INSTRUCTIONS TO FOLLOW: Make an exact copy of the lines from the one containing "diseño de logotipo" through the end of the material, including both ends but no pictures.

DATA BLOCK:
Content starts

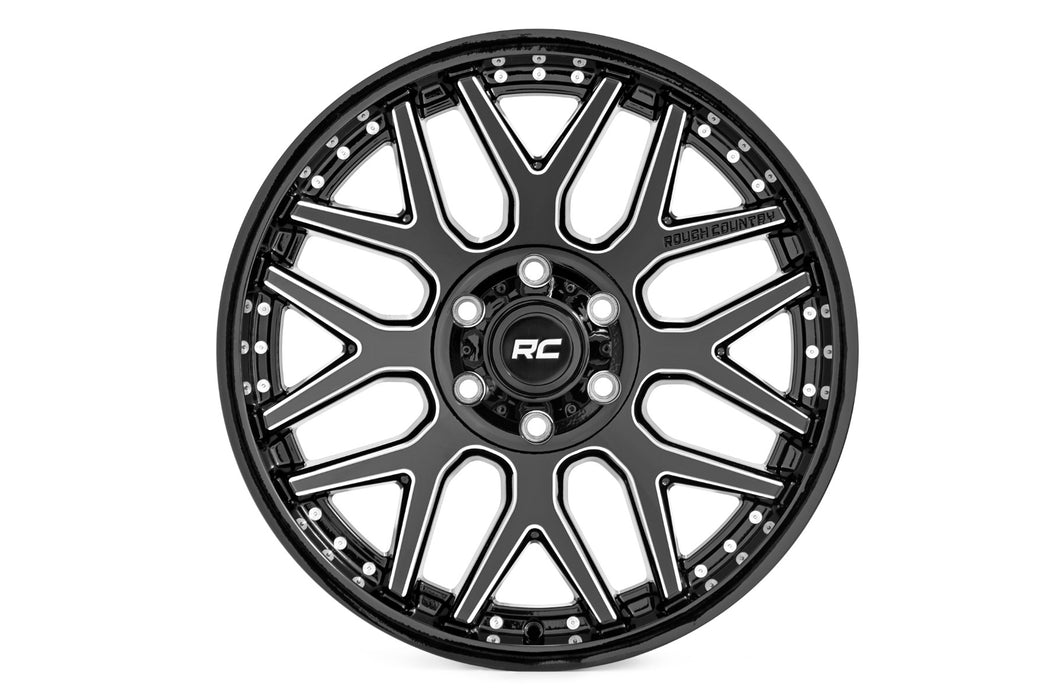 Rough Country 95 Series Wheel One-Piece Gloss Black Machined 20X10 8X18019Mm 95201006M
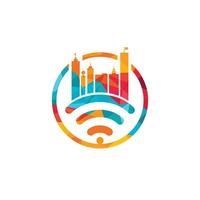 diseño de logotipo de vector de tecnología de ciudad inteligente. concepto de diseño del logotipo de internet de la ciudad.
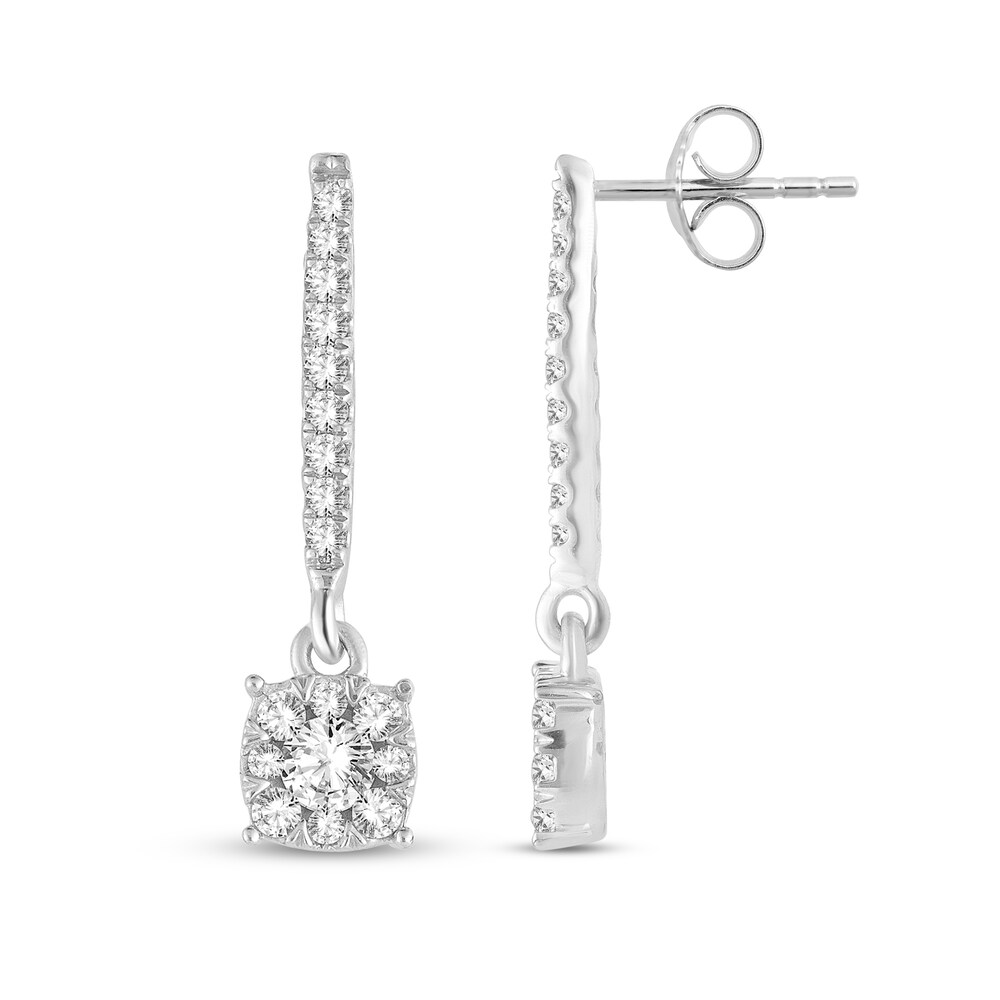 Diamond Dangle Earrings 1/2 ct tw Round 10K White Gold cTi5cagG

Content ends

SOLVED PROBLEM:
 diseño de logotipo de vector de tecnología de ciudad inteligente. concepto de diseño del logotipo de internet de la ciudad.
 Diamond Dangle Earrings 1/2 ct tw Round 10K White Gold cTi5cagG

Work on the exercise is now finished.